# WHAT YOU SHOULD DO
Please write out only the lines from the one containing "Chaleco de Compresión" through the last line of the listing. Do not include pictures.

"""

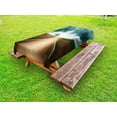 thumbnail image 1 of Landscape Outdoor Tablecloth, Road Through Empty Fields with Dramatic Sky Dark Clouds and Symmetric Composition, Decorative Washable Fabric Picnic Tablecloth, 58 X 104 Inches, Teal Brown, by Ambesonne, 1 of 2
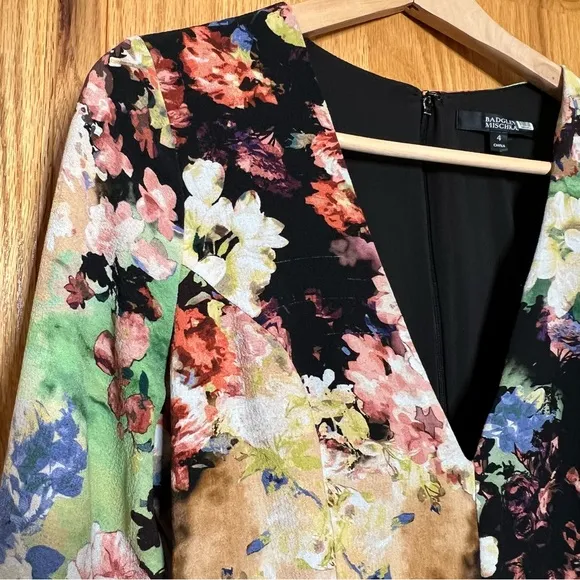 Badgley Mischka Dress Womens Size 4 Floral 3/4 Sleeve V-Neck Ruched Black Prom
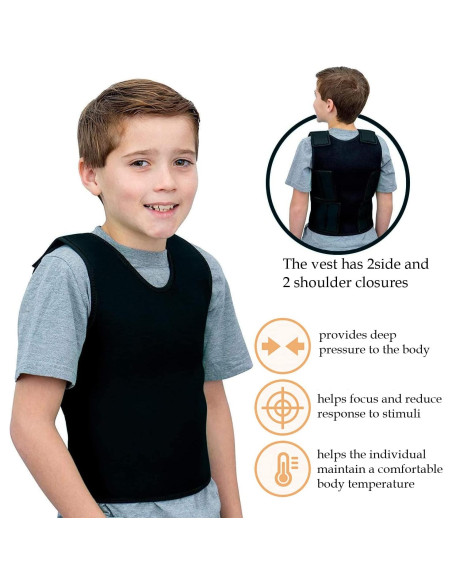 Chaleco de Compresión Sensorial TOPARCHERY Mediano Negro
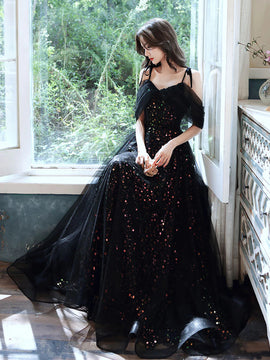 Charming Black A-line Sequins Off Shoulder Party Dress, Black Sequins Prom Dress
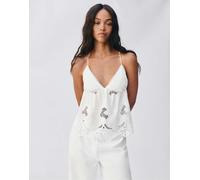 Pull&Bear - Top allacciato al collo bianco ricamato M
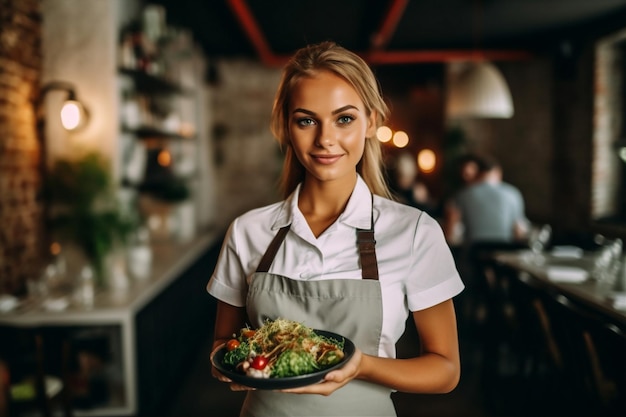 Mulher bonita em pé garçom de comida sorrindo trabalho dentro de casa retrato de restaurante segurando IA generativa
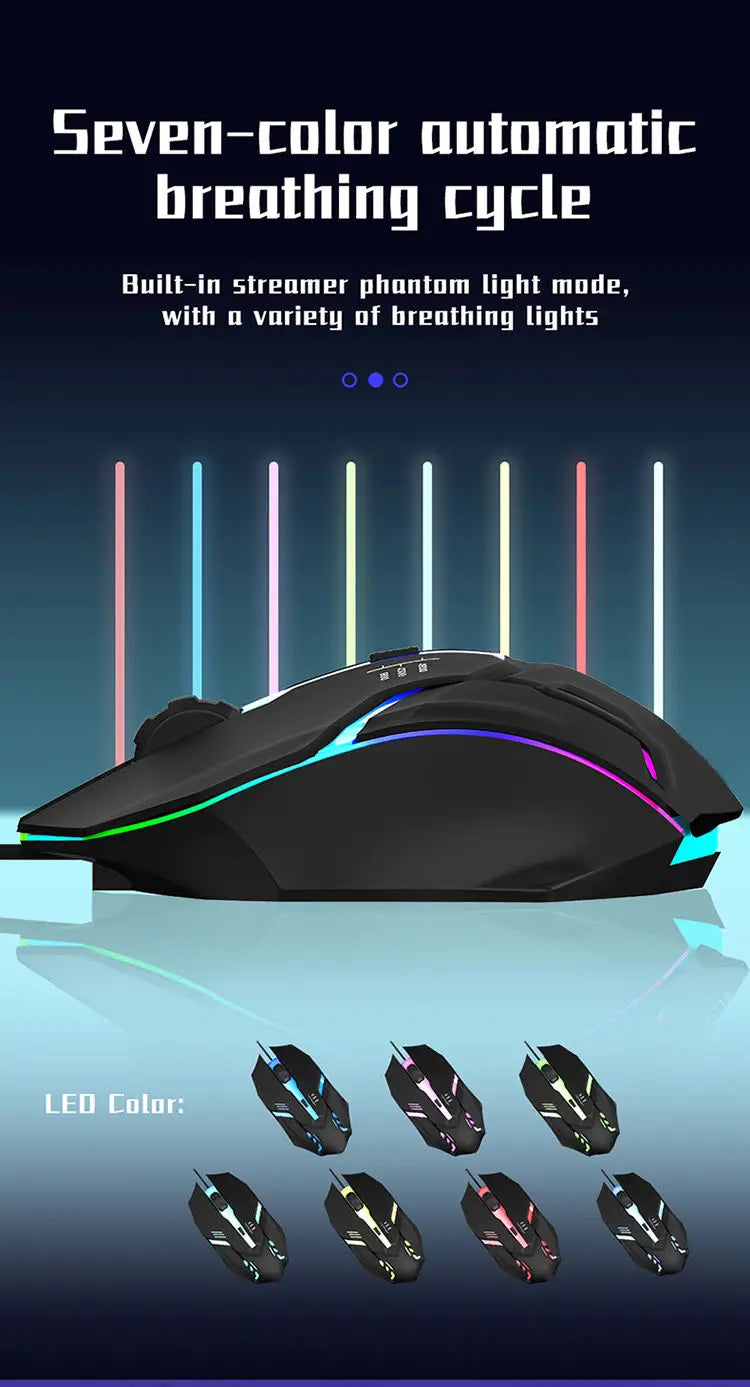 20251 PC ITLY M01 Sports LED Luminous Backlit USB Wired Gaming Mouse for Desktop PC Laptop Office Computer Gaming Mouse
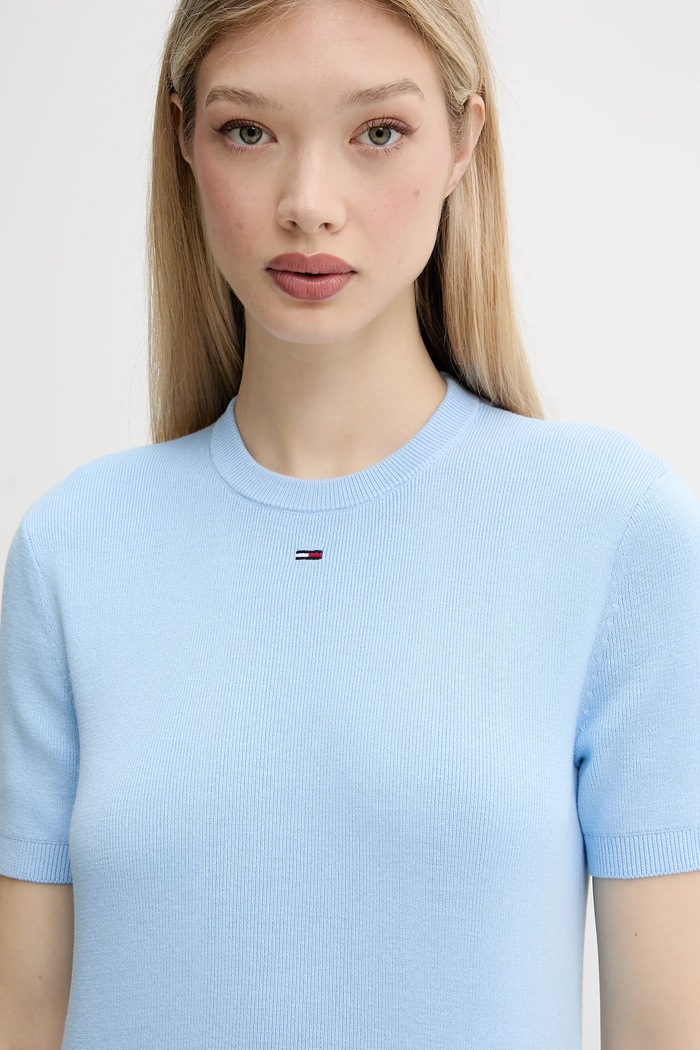 Tommy Jeans sweter bawełniany niebieski DW0DW19336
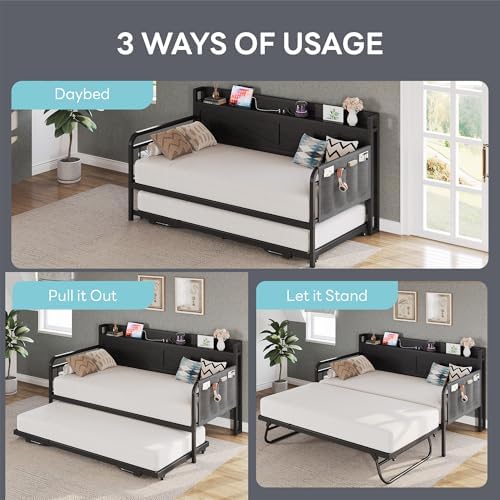 LIKIMIO Twin Daybed with Pop Up Trundle & Charging Station & Storage Shelf
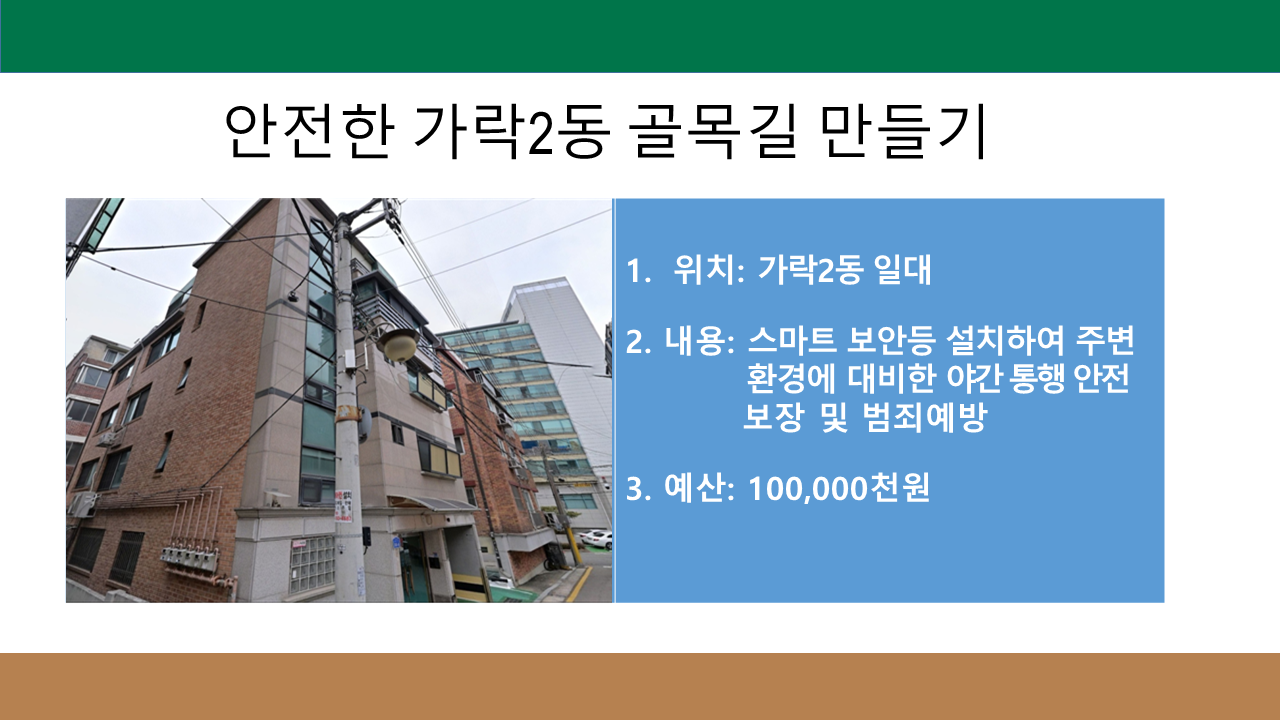 안전한 가락2동 골목길 만들기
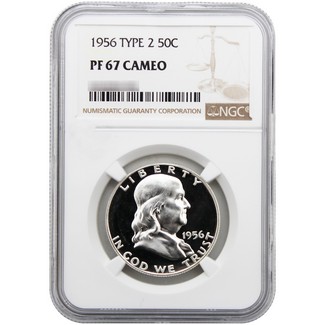 1956 Proof Type 2 Franklin Half Dollar NGC PF67 Cameo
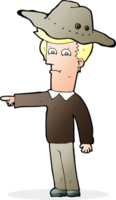 cartoon pointing man wearing hat png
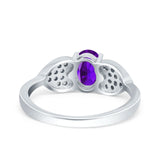 Fashion Heart Ring Oval Simulated Cubic Zirconia 925 Sterling Silver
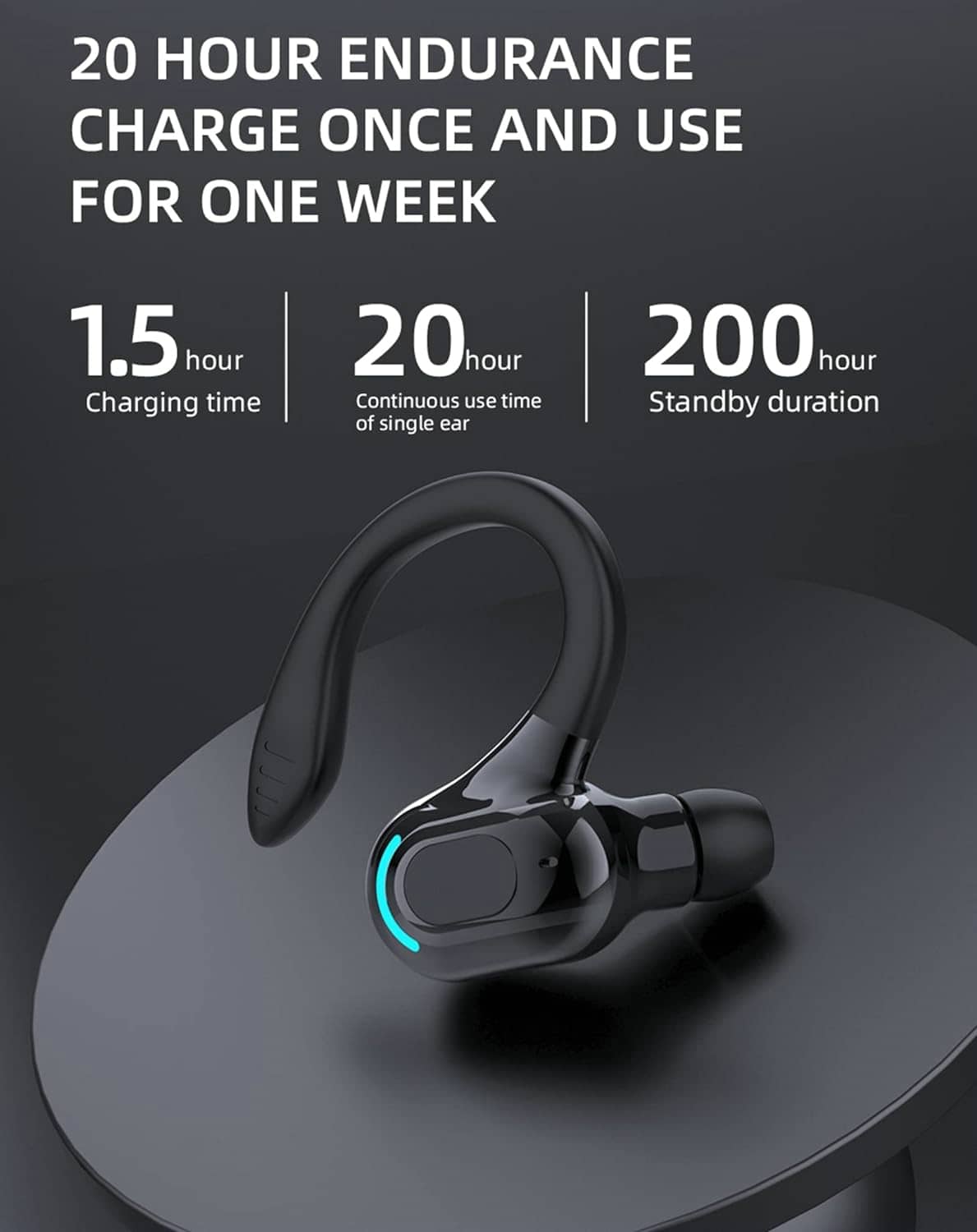 Wireless Earbuds with Earhooks Single Bluetooth Earpiece Sports Headphones Over the Ear Running Workout Wrap Around Earbuds 20H Long Battery Life Waterproof Noise Cancelling Headset for Android iOS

"""

# TASK RESPONSE
 Chaleco de Compresión Sensorial TOPARCHERY Mediano Negro
 Charming Black A-line Sequins Off Shoulder Party Dress, Black Sequins Prom Dress
 Pull&Bear - Top allacciato al collo bianco ricamato M
 Mulher bonita em pé garçom de comida sorrindo trabalho dentro de casa retrato de restaurante segurando IA generativa
 20251 PC ITLY M01 Sports LED Luminous Backlit USB Wired Gaming Mouse for Desktop PC Laptop Office Computer Gaming Mouse
 Tommy Jeans sweter bawełniany niebieski DW0DW19336
 LIKIMIO Twin Daybed with Pop Up Trundle & Charging Station & Storage Shelf
 안전한 가락2동 골목길 만들기
 1956 Proof Type 2 Franklin Half Dollar NGC PF67 Cameo
 cartoon pointing man wearing hat png
 Fashion Heart Ring Oval Simulated Cubic Zirconia 925 Sterling Silver
 Wireless Earbuds with Earhooks Single Bluetooth Earpiece Sports Headphones Over the Ear Running Workout Wrap Around Earbuds 20H Long Battery Life Waterproof Noise Cancelling Headset for Android iOS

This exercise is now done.